RECORDS FOR THIS EXERCISE —
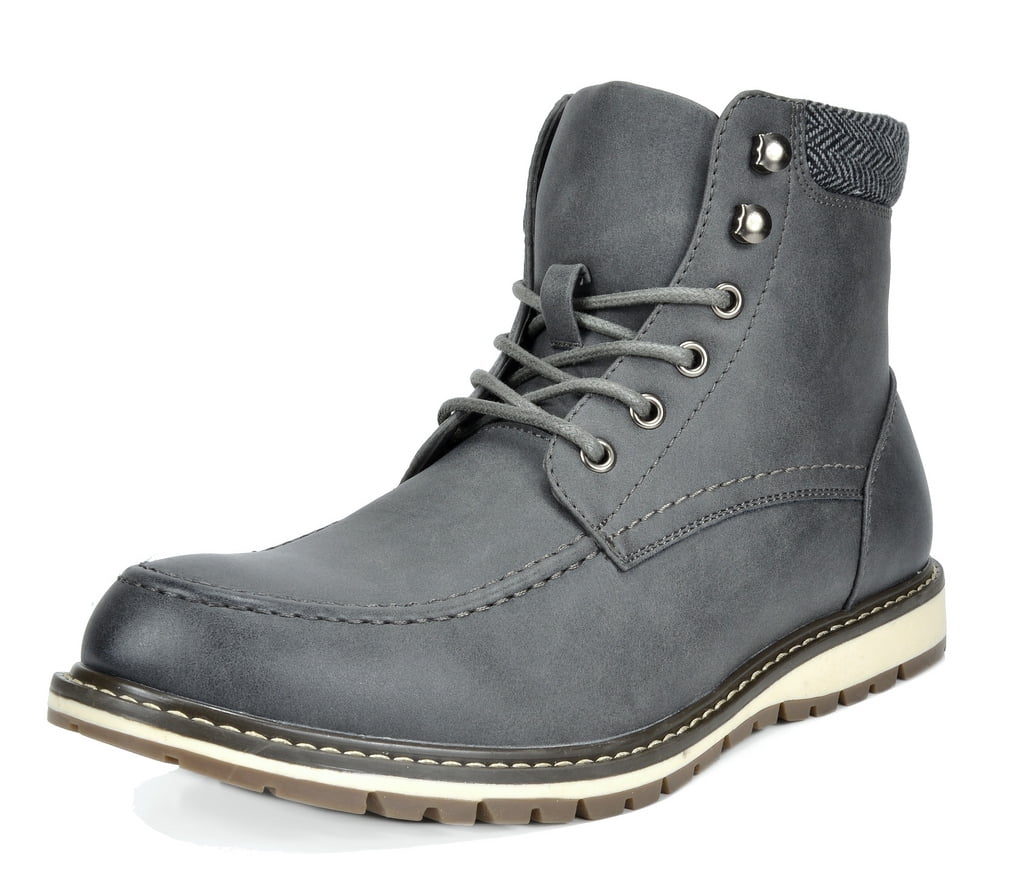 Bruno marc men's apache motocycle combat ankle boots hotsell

==

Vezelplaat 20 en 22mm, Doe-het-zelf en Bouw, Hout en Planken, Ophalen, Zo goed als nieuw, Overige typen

==

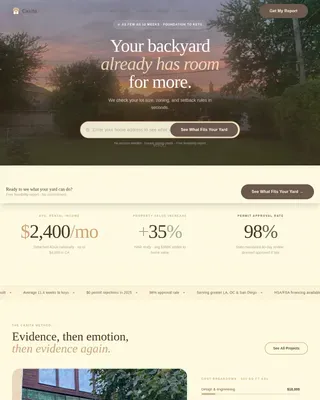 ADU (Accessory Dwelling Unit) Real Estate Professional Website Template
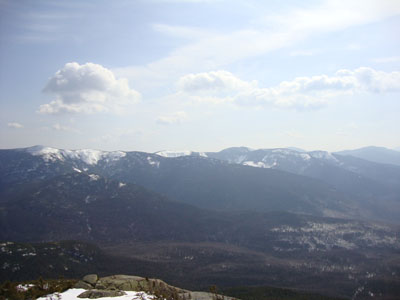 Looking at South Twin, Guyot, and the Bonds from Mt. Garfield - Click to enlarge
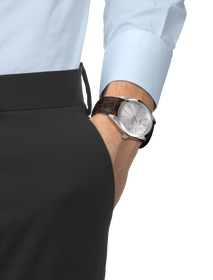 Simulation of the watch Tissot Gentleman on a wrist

WORK REQUEST —
Of the records above, print only the lines from the one containing "ADU (Accessory Dwelling" through the one containing "Simulation of the", inclusive and unaltered, leaving out pictures.

TASK OUTPUT —
 ADU (Accessory Dwelling Unit) Real Estate Professional Website Template
 Looking at South Twin, Guyot, and the Bonds from Mt. Garfield - Click to enlarge
 Simulation of the watch Tissot Gentleman on a wrist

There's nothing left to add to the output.